With all of this in mind, the following table sumamrizes the findings or implications for each of the six cluster areas reviewed with regard to James River Ringworm, to demonstrate where this disease fits in with regard to the evolution of human land use.
Applying Epidemiological Transition Theory
An important observation to note here is that epidemiological transition theory has played little to no role in analyzing the history of slavery and African medical history in the way that I presented it. The Sequent Occupancy method is more applicable to analyzing the health of African slaves, when small periods of change or transition are often involved. Whereas Epidemiological transition theory focuses on simpler statistics like lifespan and types of disease, typically at a large area or national level, the sequent occupancy model pays more attention to the details, adding notes detailing the smaller differences that exist between one level of culture and the next, one stage of development and the next.

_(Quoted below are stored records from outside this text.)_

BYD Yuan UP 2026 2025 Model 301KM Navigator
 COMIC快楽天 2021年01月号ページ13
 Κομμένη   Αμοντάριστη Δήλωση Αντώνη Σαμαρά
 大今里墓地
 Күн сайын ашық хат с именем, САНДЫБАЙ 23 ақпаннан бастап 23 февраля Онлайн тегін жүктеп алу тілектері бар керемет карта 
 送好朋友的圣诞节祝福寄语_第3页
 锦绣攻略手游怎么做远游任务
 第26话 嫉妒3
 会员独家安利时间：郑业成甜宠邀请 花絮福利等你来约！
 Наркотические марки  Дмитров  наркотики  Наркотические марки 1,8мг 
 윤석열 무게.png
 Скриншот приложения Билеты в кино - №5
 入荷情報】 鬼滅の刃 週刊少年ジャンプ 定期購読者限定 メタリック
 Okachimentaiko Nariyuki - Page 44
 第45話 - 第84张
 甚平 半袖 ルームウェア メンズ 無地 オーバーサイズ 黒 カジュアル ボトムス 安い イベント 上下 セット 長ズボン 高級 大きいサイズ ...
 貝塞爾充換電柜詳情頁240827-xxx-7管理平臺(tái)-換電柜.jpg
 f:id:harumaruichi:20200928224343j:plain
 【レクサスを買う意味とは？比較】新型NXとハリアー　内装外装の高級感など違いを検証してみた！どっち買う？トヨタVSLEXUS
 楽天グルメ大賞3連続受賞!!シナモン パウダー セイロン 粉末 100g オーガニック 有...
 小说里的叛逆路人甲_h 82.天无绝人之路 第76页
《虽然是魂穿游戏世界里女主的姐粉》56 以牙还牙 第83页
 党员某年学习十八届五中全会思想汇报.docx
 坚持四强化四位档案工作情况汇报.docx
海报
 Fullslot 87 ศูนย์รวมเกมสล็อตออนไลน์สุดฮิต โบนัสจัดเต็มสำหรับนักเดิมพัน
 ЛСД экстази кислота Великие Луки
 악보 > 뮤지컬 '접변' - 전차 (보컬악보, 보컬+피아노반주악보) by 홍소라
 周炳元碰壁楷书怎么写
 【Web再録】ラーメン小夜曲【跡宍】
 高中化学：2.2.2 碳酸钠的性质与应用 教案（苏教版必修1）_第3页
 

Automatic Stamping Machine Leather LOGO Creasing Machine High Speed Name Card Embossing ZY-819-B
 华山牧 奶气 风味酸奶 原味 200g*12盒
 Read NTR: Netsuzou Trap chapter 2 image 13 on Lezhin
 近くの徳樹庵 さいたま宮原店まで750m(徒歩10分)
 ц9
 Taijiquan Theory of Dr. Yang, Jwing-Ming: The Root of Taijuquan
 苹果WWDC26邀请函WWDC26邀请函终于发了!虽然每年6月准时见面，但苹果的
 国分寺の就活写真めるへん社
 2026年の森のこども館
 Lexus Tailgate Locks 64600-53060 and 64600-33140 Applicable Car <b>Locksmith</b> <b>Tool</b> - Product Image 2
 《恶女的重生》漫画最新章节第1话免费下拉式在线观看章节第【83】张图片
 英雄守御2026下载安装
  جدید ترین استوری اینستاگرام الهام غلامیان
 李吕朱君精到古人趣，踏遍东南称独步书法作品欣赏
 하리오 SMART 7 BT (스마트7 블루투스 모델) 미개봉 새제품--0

Epidemiological transition is applicable to large political, country-based settings and condition for the most part, or for the use in comparing life, longevity and quality of life between two different time spans. Sequent Occupancy reviews the population in much finer detail, and does not require two different time frames, but simply two or more levels of economic development. This is a significant difference from the Epidemiological Transition model, which we are better off applying to this work once the Sequent Occupancy way of analysis is complete, perhaps as a more retrospective way of discussing the results.
Does this mean the slaves did not experience an epidemiological transition? No.
Did the slave populations demonstrate Epidemiological Transition? Of course they did.
When manumission changed their life history and made them residents of the United States, Stages 1 and 2 in the sequent occupancy model can now take place, and it did as many moved west to form pioneer settlements. The long term impacts of freeing the slaves also provides us with an opportunity to compare pre- and post-bellum slavory medical history, in terms of that much more broadly applied epidemiological transition theory. The epidemiological transition model can be used to compare today’s disease history with these two past periods, to better understand the changes that occur in population health over large periods of time. So the application of Epidemiological Transition theory is not out of the realms of possibilities for the questions we can ask. It is just that we learn a lot more applying sequent occupance theory first, before delving into the big picture.
In terms of understanding shorter periods of time with regard to medical, disease and epidemiological history, the sequent occupancy model is the best way to go with analyzing people and disease patterns. We cannot fit James River Ringworm into the epidemiological transitional model that easily or concisely. But we can make sense of it using the sequent occuapncy model. The Epidemiological Transition theory is not focused upon space, as much as it is on time. Sequent occupancy is applicable over different parts of space during the same period of time, or the same space over dfifferent periods of time, thereby making it more useful and flexible for spatial disease research.
The Human Geography/Human Ecology of this Disease
In the final part of this review of James River Ringworm as a disease phenomenon with a unique ecological and sociocultural history regard African-American culture, there are three classes of diseases a particular culture contends with whenever in the United States setting that have to be reviewed with regards to the slaves’ cultures.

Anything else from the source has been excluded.